以下、図面を参照して、本開示をより具体的に説明する。
図1は、本開示の第1実施形態である二重容器用キャップ1が、これに適合する二重容器本体2に装着された状態を示す。二重容器用キャップ1は、キャップ本体10、中栓20、移動弁体30、結合弁40、及び蓋体50で構成されている。また、二重容器本体2は、内層体3、及び外層体4で構成されている。なお、本明細書、特許請求の範囲、要約書および図面では、後述する蓋体50が位置する側を上方(図1における上側)とし、二重容器本体2が位置する側を下方(図1における下側)とする。また、径方向外側とは、図1における二重容器用キャップ1の中心軸線Oを通り中心軸線Oに垂直な直線に沿って外側に向かう方向であり、径方向内側とは、当該直線に沿って中心軸線Oに向かう方向を意味するものとする。また、開口面積とは、当該開口部のうち、最も開口の断面積が小さい部分の開口面積を指すものとする。
まず、二重容器本体2について説明する。

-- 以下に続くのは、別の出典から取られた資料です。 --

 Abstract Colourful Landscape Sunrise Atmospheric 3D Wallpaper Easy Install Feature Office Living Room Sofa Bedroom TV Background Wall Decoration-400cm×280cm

本実施形態では、二重容器本体2は、内層体3の合成樹脂素材と外層体4の合成樹脂素材とを積層して形成されるパリソンに対し、押出しブロー成形を行うことによって積層剥離容器を形作っている。そして、二重容器本体2を構成する内層体3の材料にはエチレン―ビニルアルコール共重合樹脂(EVOH)又はナイロンを用いている。また、外層体4の材料には、低密度ポリエチレン(LDPE)又は高密度ポリエチレン樹脂(HDPE)を用いており、特にLDPEを用いた場合には高いスクイズ性を付与することができる。しかし、この態様に限定されず、例えば二軸延伸ブロー成形を行うことによって積層剥離容器を形成する場合には、内層体3の材料にはポリプロピレン(PP)を用い、外層体4の材料にはポリエチレンテレフタレート(PET)を用いてもよい。また、内層体3及び外層体4の材料には、相互に相溶性が低い他の樹脂を用いることができる。更に、二重容器本体2は、積層剥離容器ではなく、外層体4と内層体3とを個別に形成して組み付けるものであってもよい。また、図示は省略するが、内層体3と外層体4との間に、上下方向に延在して内層体3と外層体4とを部分的に接合する、1本或いは複数本の接着帯を設けてもよい。

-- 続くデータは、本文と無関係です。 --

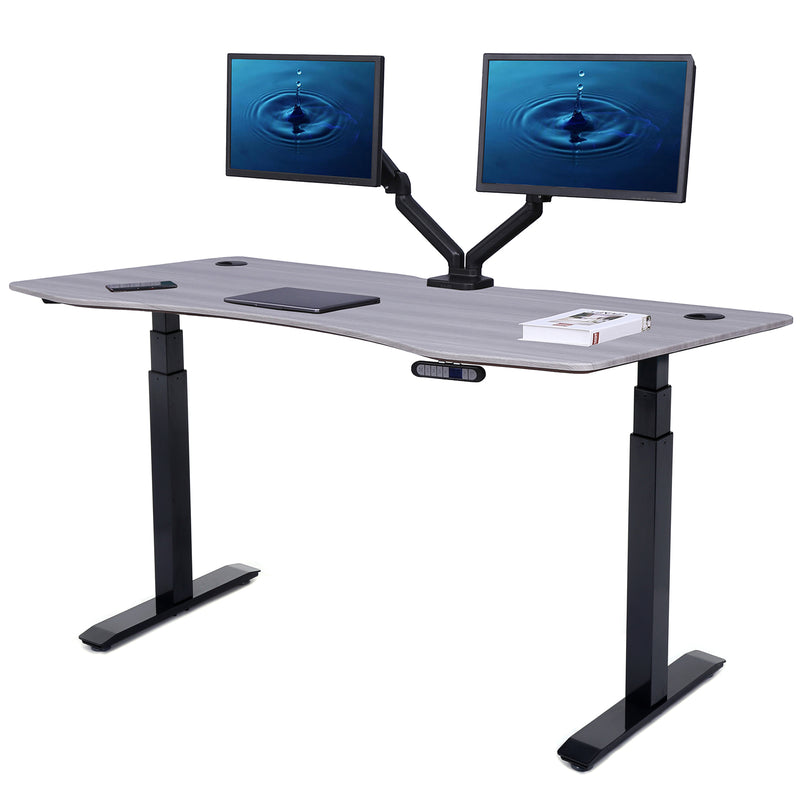 Flex Series 71" x 33" Standing Desk with Black Frame, Curved Top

内層体3は、減容変形可能に形成されるものであって、本実施形態では、積層状態で形成された二重容器本体2に対し、外層体4から剥離させることで得られるものである。内層体3は、その内側に内容物を収容する収容空間Sと、この収容空間Sにつながる上部開口3aを備えている。

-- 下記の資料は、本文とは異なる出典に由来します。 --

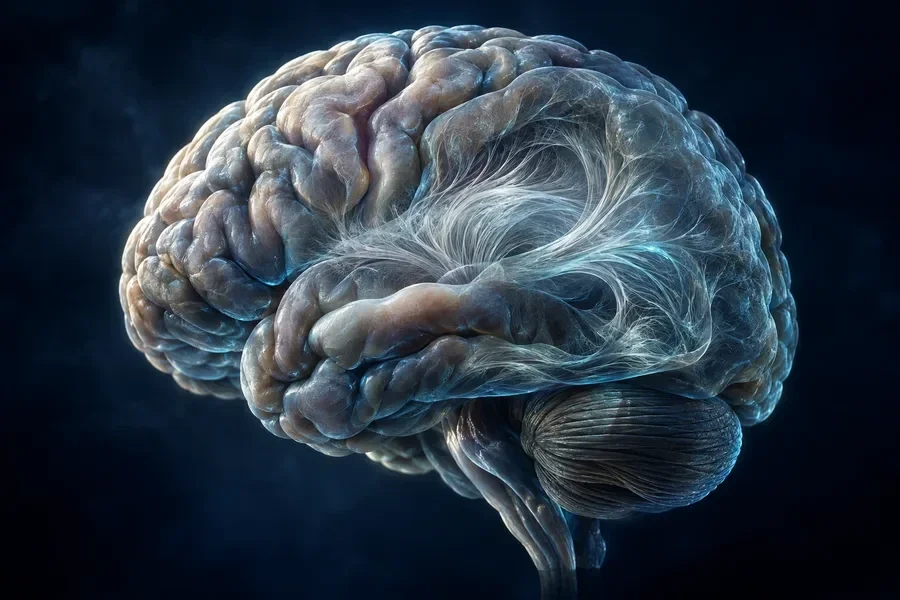 AI-generated conceptual artwork: Brain tissue and white-matter fibers; not a patient scan or anatomical map.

外層体4は、円筒状の口部周壁4a(口部)に、図示を省略する復元自在な可撓性を有する胴部、及び胴部の下端を閉鎖する底部を連結したものである。口部周壁4aの外周面には雄ねじ部4bを設けている。また、口部周壁4aには、内層体3との相互間に空気を取り込むための貫通孔4cを設けていて、更に、貫通孔4cを設けた外周面には、上下方向に雄ねじ部4bを切り欠く溝部4dを設けている。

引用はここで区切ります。